What is expected: Your answer must be the lines from the one holding "2598 Camp Mitchell Road, Grayson, GA 30017" through the final line of the entries below, copied exactly, with no pictures.

Raw data:
◇ ◇ ◇ ◇

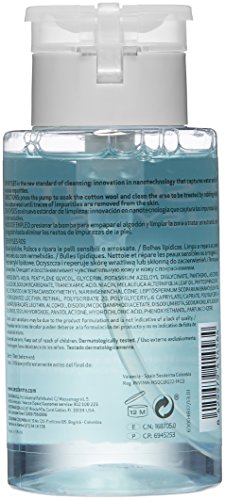 Sesderma Sensyses Cleanser Ros Loción Desmaquillante para Pieles con Rojeces - 230 gr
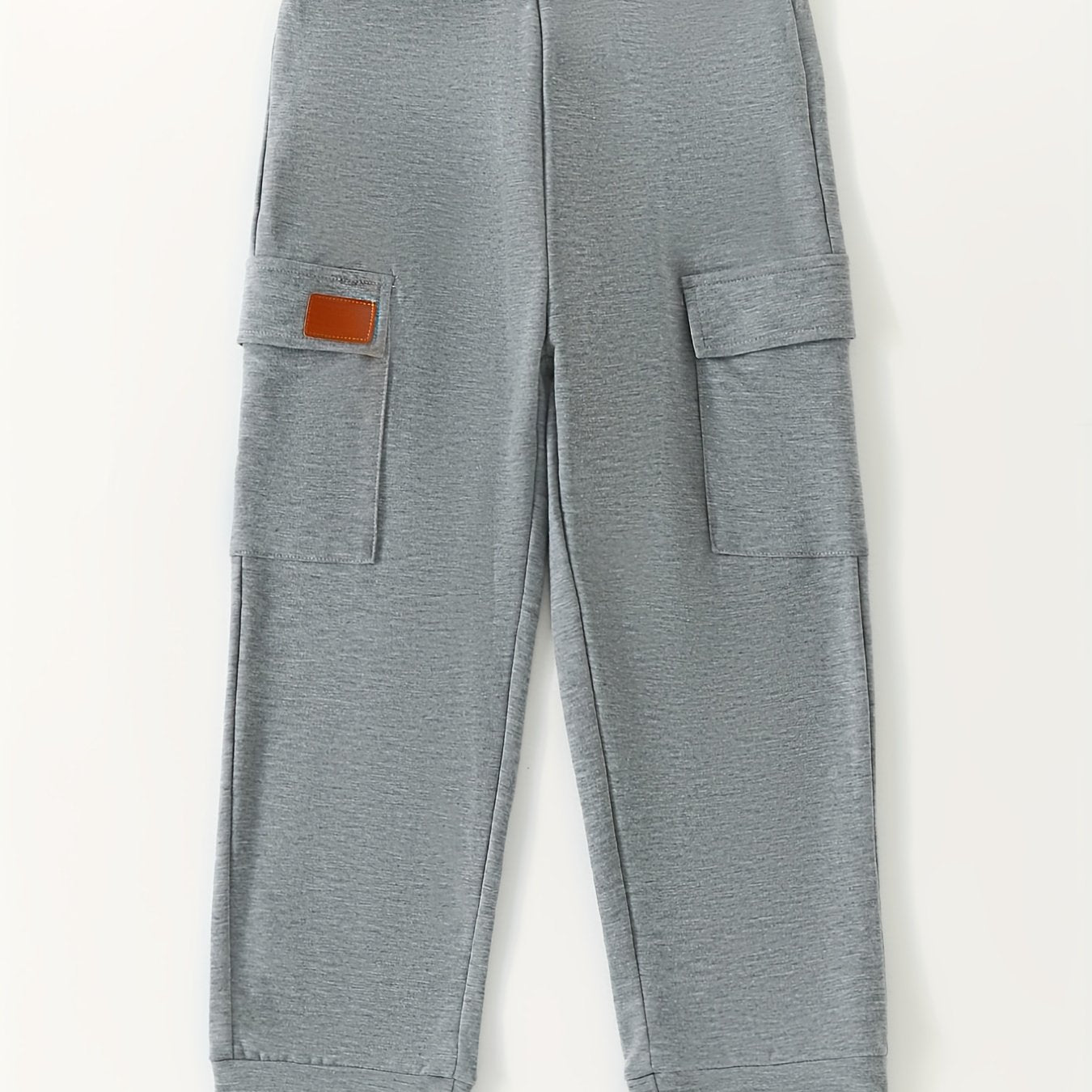 Boys Active Long Pants Quick Dry Jogger Sports Pants Kids Clothing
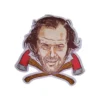 Parche Woven Jack Torrance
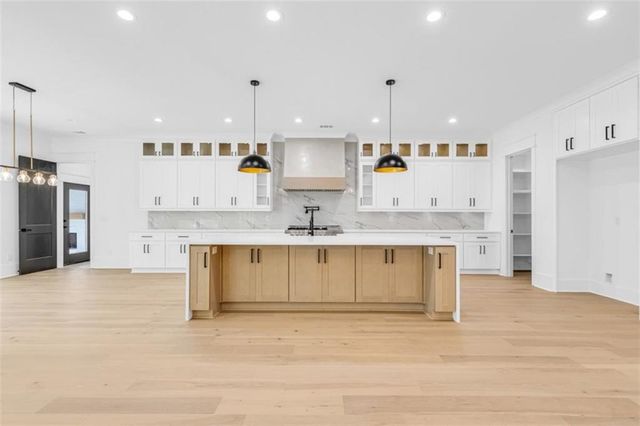 2598 Camp Mitchell Road, Grayson, GA 30017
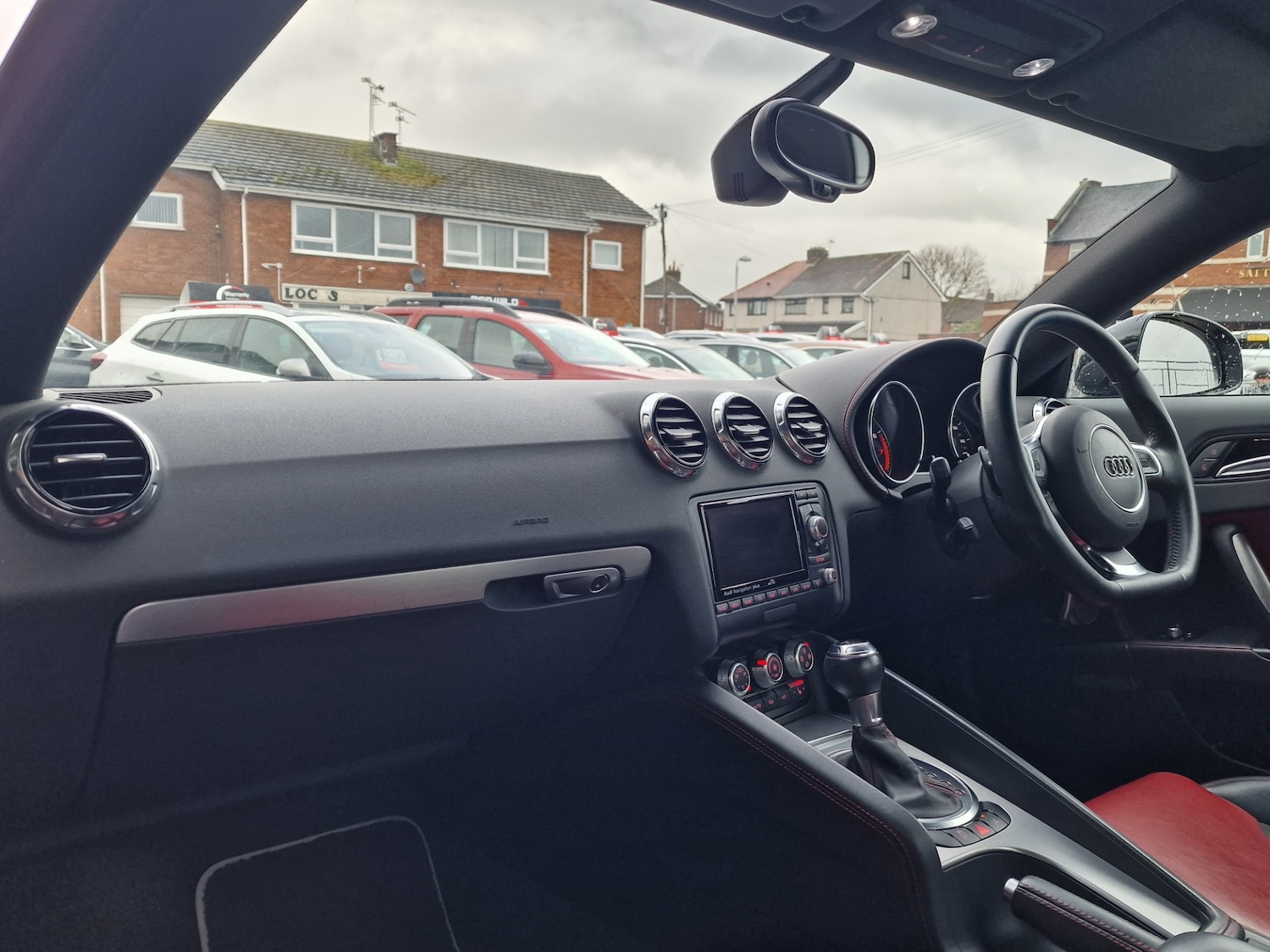 Used Audi TT 2013 for sale - 77477017: Photo 16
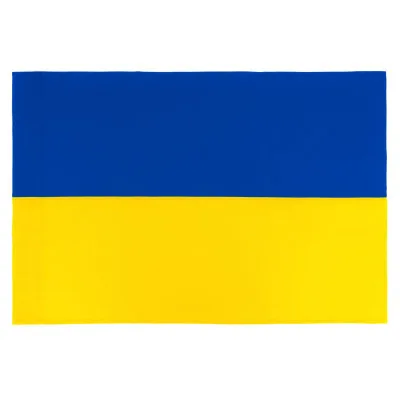 Прапор Vinga Україна, державний, 90*140см (VFUSDB140G)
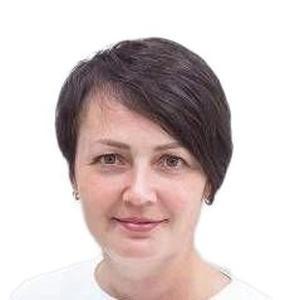 Алимова Ольга Александровна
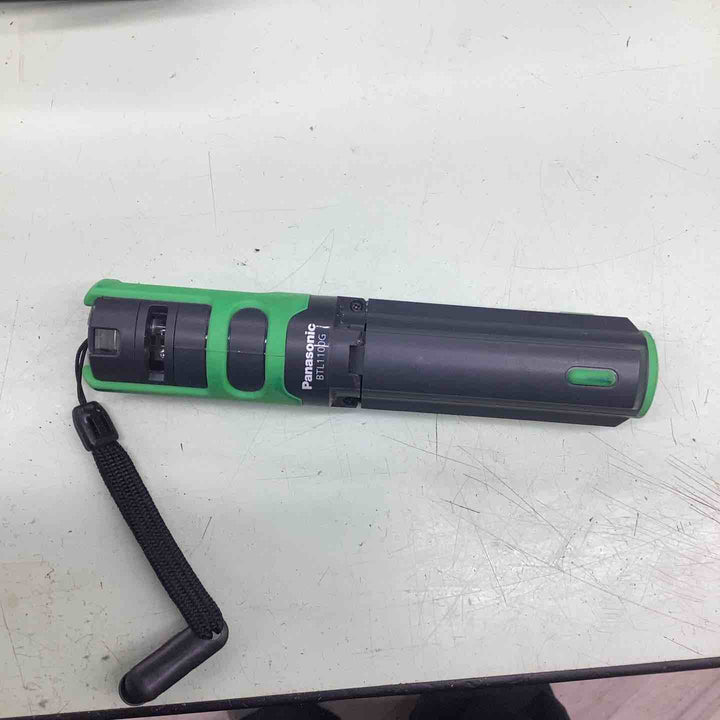 ◇パナソニック(Panasonic) レーザー墨出し器 墨出し名人 十字・地墨 BTL1100G【越谷店】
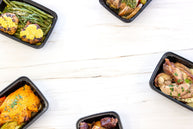 Primal Entrees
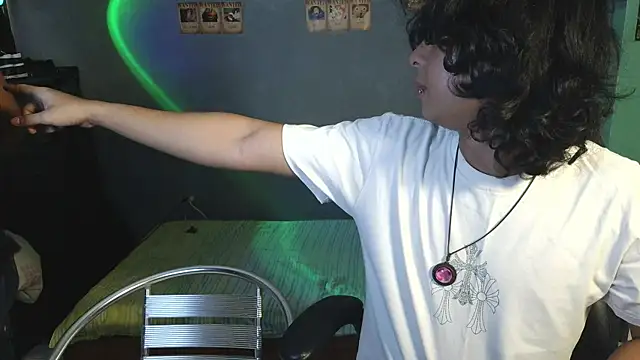 kairozz online show from 20, 3, 2025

◇ ◇ ◇ ◇

Written response:
 2598 Camp Mitchell Road, Grayson, GA 30017
 Used Audi TT 2013 for sale - 77477017: Photo 16
 Прапор Vinga Україна, державний, 90*140см (VFUSDB140G)
 Алимова Ольга Александровна
 ◇パナソニック(Panasonic) レーザー墨出し器 墨出し名人 十字・地墨 BTL1100G【越谷店】
 Primal Entrees
 kairozz online show from 20, 3, 2025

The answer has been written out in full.